I wonder if this cap could have been influenced by the Phrygian cap. Part of my thesis ties in these statues to the political/revolutionary sentiment of the day, since these statues were created relatively soon after the 1789 French Revolution. Could Aleijadinho have been influenced by the Phrygian cap of the French revolutionaries? At first glance, it seems to me like Amos’ hat might be too long to be a Phrygian cap. I’m curious about looking at my photo archives, though, to see if I can see his cap in better detail. Interestingly, people have written about how the “turbans” of Aleijadinho’s Prophets seem to be influenced by Turkish costume (which perhaps could be a connection to Phrygia instead?).

It will be interesting to follow up on this idea and see if it leads anywhere. In the meantime, though, here are a couple of other depictions of Phrygian caps in art:

The Three Magi (Balthasar, Melchior, and Gaspar), mosaic at Sant’Appollinare Nuovo (6th century); Ravenna, Italy
(In this instance, the Phrygian cap indicates the that the wise men are from the Orient, not that they are emancipated slaves!)

Berthel Thorvaldsen, Ganymede Waters Zeus as an Eagle (1817)

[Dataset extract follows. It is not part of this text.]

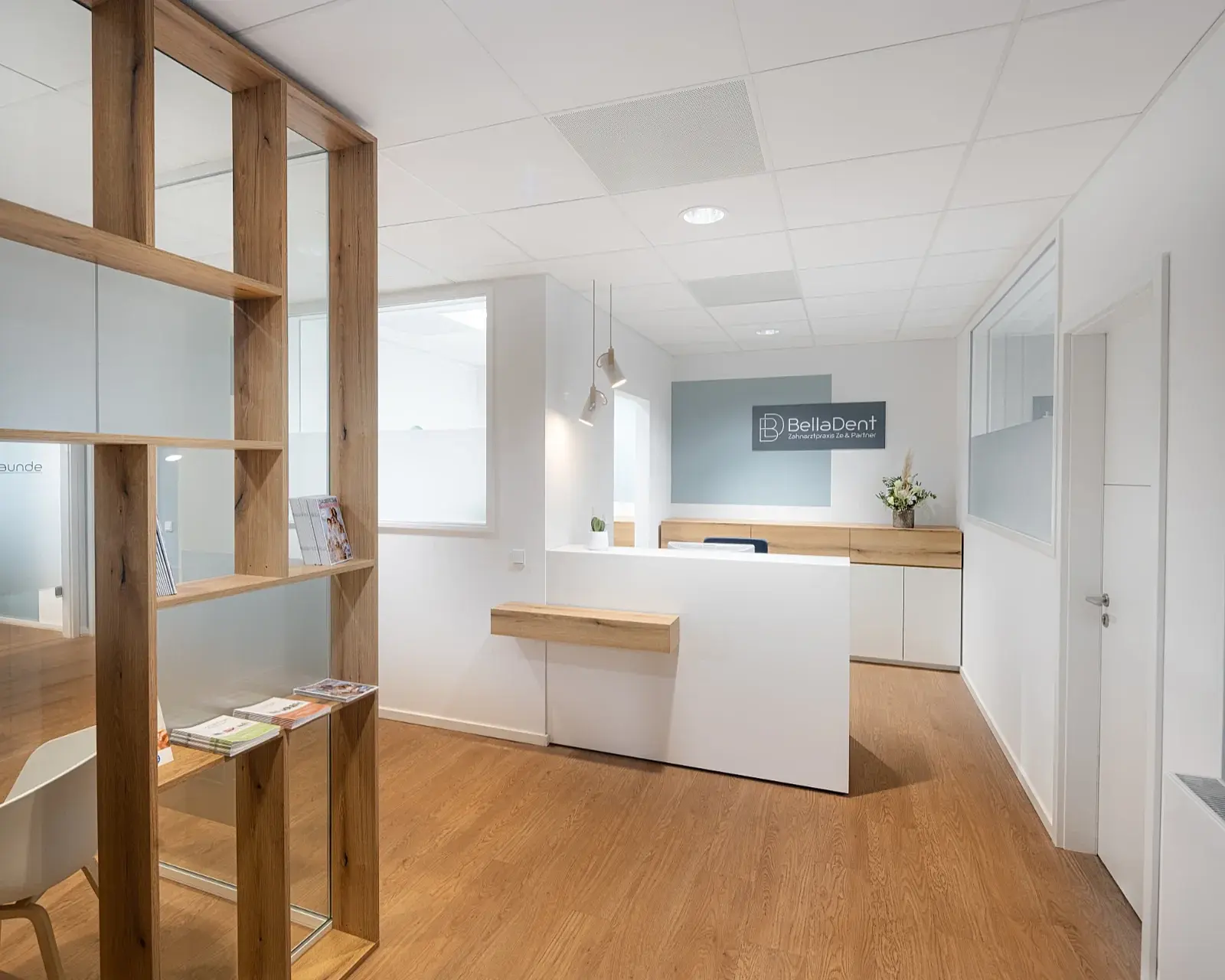 Empfangstresen-Detail von Matthias Knab: Haptischer Kontrast zwischen Holzfurnier und weißen Oberflächen in der Zahnarzt Praxis Bella Dent in Heidelberg; Fokus auf die horizontale Linienführung im Praxis-Design.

Joseph Chinard, The Republic (1794)

Anonymous, Louis XVI of France Wearing a Phrygian Cap, 1792 (Library of Congress)

  • heidenkind says:

    The phrygian cap is all over the place once you start looking at it. You might be interested in reading "The Liberty Cap as a Revolutionary Symbol in America and France" by Yvonne Korshak (Smithsonian Studies in American Art, Vol. 1, No. 2 (Autumn, 1987), pp. 53-69). It's all about how the Americans actually started using the Phryngian cap as a symbol of slavery first, and then the French picked it up for their revolution. And the Statue of Liberty was originally designed to wear a phryngian cap, but by then the symbol had changed in America to have negative connotations.

  • e says:

    Wow, now that I know, I feel like I've seen these on statues all over the place. Seriously, the things I learn because of you. Impressive!

  • M says:

    Thanks for pointing out this article, heidenkind! I downloaded it off of JSTOR and have already started to read it. It's quite fascinating to read about how the symbol was first used in America. How cool.

    Yeah, e, I bet you see liberty caps all over Washington DC. If you see any in cool/unusual places, I'd love to hear about them!

  • Yvonne Korshak says:

    I'm fascinated by your thoughts on the Aleijadinhos prophets. Surely the liberty cap in this context means … just that! How appropriate for prophets! If I'd known about them I might well have cited them in my article mentioned by heidenkind in your first comment.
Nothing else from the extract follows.